Das Schmierentheater der neuen Tugend – Von Westen, Weibern und den Wächtern der Wahrheit
Es ist die Woche der großen Maskeraden. Während die einen den Schutzwall aus Kevlar tragen, baut die Regierung an Steuerwällen, hinter denen sie ihr Unvermögen verbirgt. Man darf gespannt sein, wann der Vorhang fällt und was vom Ensemble übrig bleibt
Deutschland, den 29. März 2026
Man weiß in diesen Tagen in der gesamten Republik kaum mehr, ob man den Blick auf die politische Tribüne oder in die digitalen Flimmerkisten richten soll, so sehr gleichen sich die Darbietungen an. Während die Bundesregierung unter dem gestrengen Regiment des Herrn Merz das Portemonnaie des kleinen Mannes mit neuen Steuerlasten beschwert, um in fernen Landen wie Peru für kühle Lüfte zu sorgen, wird uns auf der moralischen Bühne ein ganz besonderes Schauspiel geboten.
Eine neue Vorkämpferin für die Rechte der Frauen hat die Szene betreten: Frau Collien Fernandes. Ihr schauspielerisches Naturell, das sie schon in jungen Jahren als „Schulmädchen“ im Privatfernsehen zur Schau stellte, findet nun in der politischen Arena seine Vollendung. Man sieht sie neuerdings gar in schusssicherer Weste auftreten. Ein Kostüm, das wohl die Gefährlichkeit ihrer Mission unterstreichen soll, in Wahrheit aber eher davon kündet, dass in der Republik der Schein längst über das Sein triumphiert hat. Wer gestern noch für die Gazetten der Sinnenlust fast alle Hüllen fallen ließ, braucht heute eben stärkere Textilien, um die moralische Fallhöhe abzufedern.
Doch dieses Solo-Stück wäre unvollständig ohne sein juristisches Souffleur-Ensemble. In den Hallen der Dame Miosga gab man sich zur Prime Time die Ehre: Auf der einen Seite die Frau Fernandes mit dem Augenaufschlag der professionellen Darstellerin, auf der anderen die kühle Flanke der neuen Ordnung: Josephine Ballon von der Organisation HateAid.
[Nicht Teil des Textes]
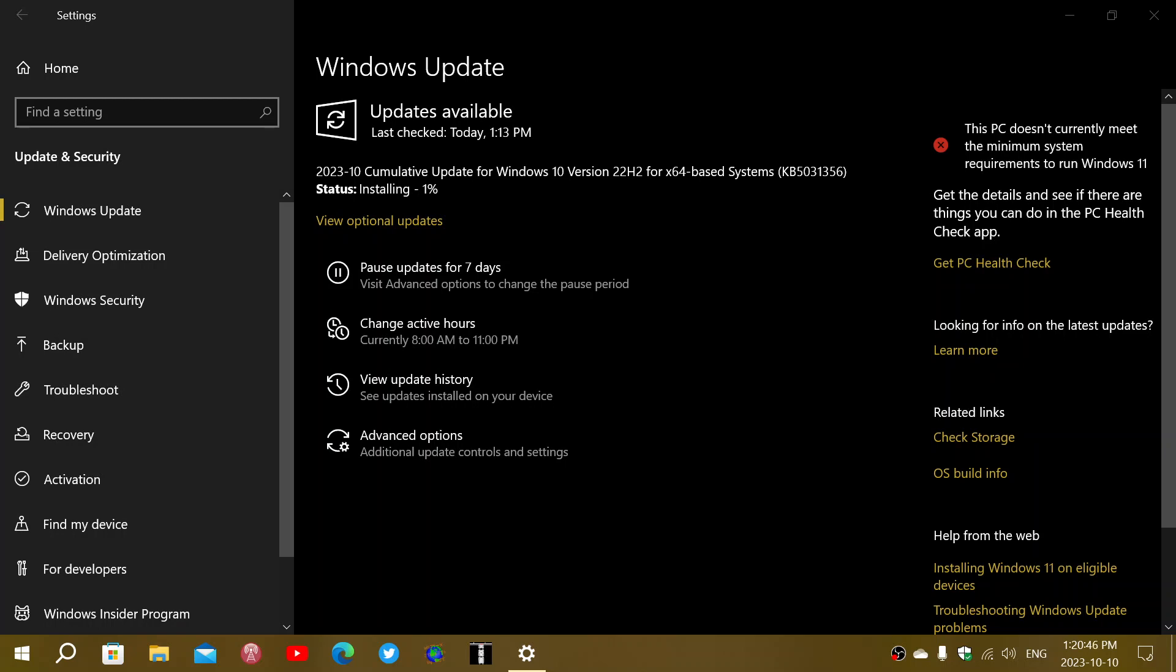If you haven't installed the bug fixes for Windows 10 22H2 in late September, you are getting those bug fixes at the same time, and a couple of changes that they've decided to bring to Windows 10 also.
Man sah ein Phänomen, das wir in der Republik der Darsteller immer öfter beobachten: Das grinsende Opfer. Wo man Betroffenheit und das Ringen um Worte erwartete, lieferte Frau Fernandes eine makellose Performance ab. Mit einem Lächeln, das keine Regung zuließ, spulte sie geschliffene, offensichtlich auswendig gelernte Sätze über spanische Rechtsnormen ab. Es war nicht die Stimme einer Leidenden, sondern die eiskalte Rhetorik einer Aktivistin, die ihr privates Schicksal als politisches Rammbock nutzt. Wer so auftritt, darf sich nicht wundern, wenn das Publikum nicht Mitgefühl, sondern Skepsis empfindet.
Es ist ein wahrlich meisterhaftes Arrangement. Während die eine von „digitaler Gewalt“ berichtet und dabei auswendig gelernte Sätze schwafelt, assistiert die andere mit der Präzision einer staatlich geduldeten Aufseherin. Dass Frau Ballon jenseits des Ozeans mittlerweile als „Persona non grata“ gilt, weil die US-Administration ihren Eifer schlicht als das bezeichnet, was er ist – nämlich Zensur –, scheint man beim öffentlich-rechtlichen Rundfunk geflissentlich zu überhören.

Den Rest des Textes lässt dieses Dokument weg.